Protecting valuable assets from intentional harm has been a focus of human activity from time immemorial. The proliferation of computers in society has meant that many business and mission critical assets are increasingly stored and manipulated by computer-based systems. The scale of misuse of these assets has also increased, because of their worldwide accessibility through the Internet and the automation of systems.
Security is concerned with the prevention of such misuse. While no system can be made completely secure, understanding the context in which a system will be deployed and used, the risks and threats of its misuse, and the systematic development of its software, are increasingly recognized as critical to its success. The cross-fertilization of systems development techniques from software engineering and security engineering offers opportunities to minimise duplication of research efforts in both areas, and, more importantly, to bridge gaps in our knowledge of how to develop secure software-intensive systems.

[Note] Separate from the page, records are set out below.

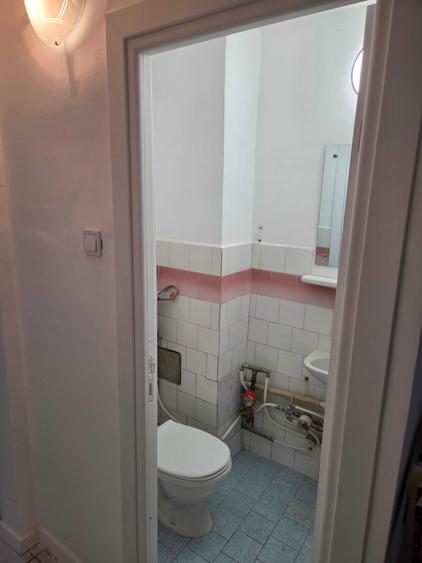 Ap 3 cam decom , 2 bai, 2 balcoane inchise, Etaj 4/4, Tip PB. H Coada - 2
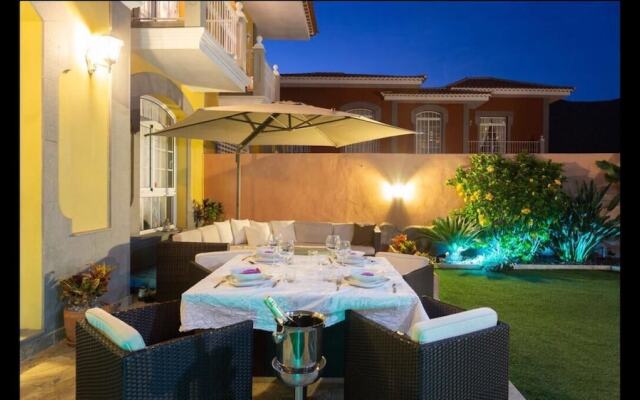 Dream Villa Heated Swimming Pool Barbeque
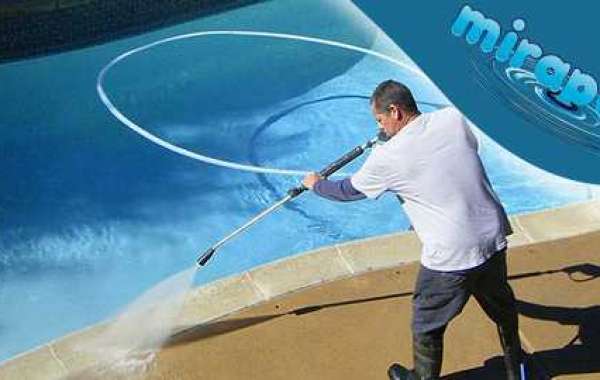 Does Colour of a Pool’s Water Can Indicate About Its Health?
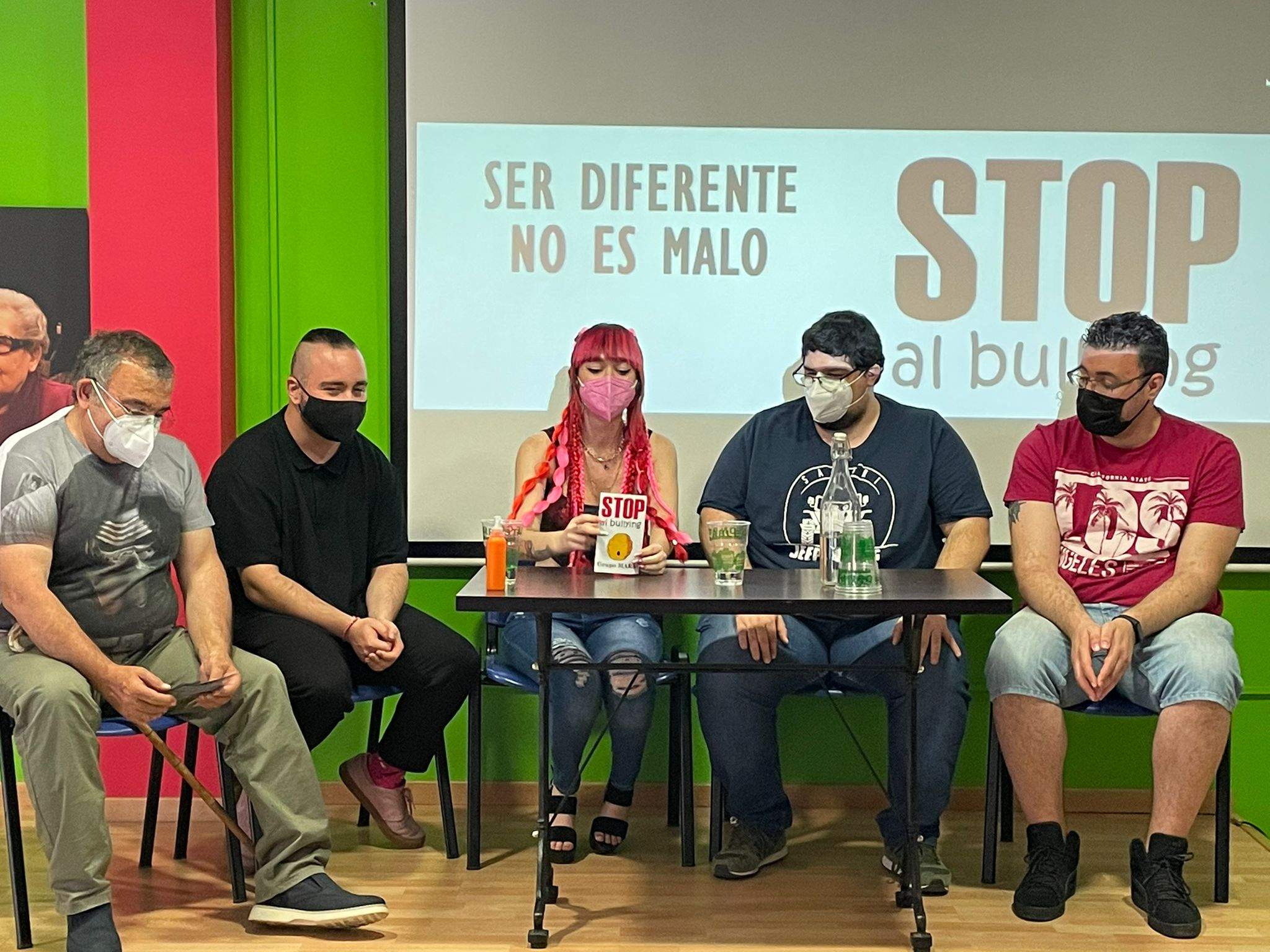 El 'Grupo MARA' agafa el relleu d'AlanMón en la lluita contra el bullying a Rubí. FOTO: AMM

This book provides one of the first attempts to collect research work that draws upon software engineering to develop such systems more effectively. Contributions to this volume draw upon research and techniques from a range of software engineering activities, such as requirements engineering and specification, software patterns and design, and method and process-driven development.
An important secondary role of this book is to reach out and appeal to the traditional security engineering community to engage with — even guide — the software engineering community, in order to focus software engineering research on key issues of secure software systems development. If successful, these collected works may well provide the foundations for some seminal work in this area.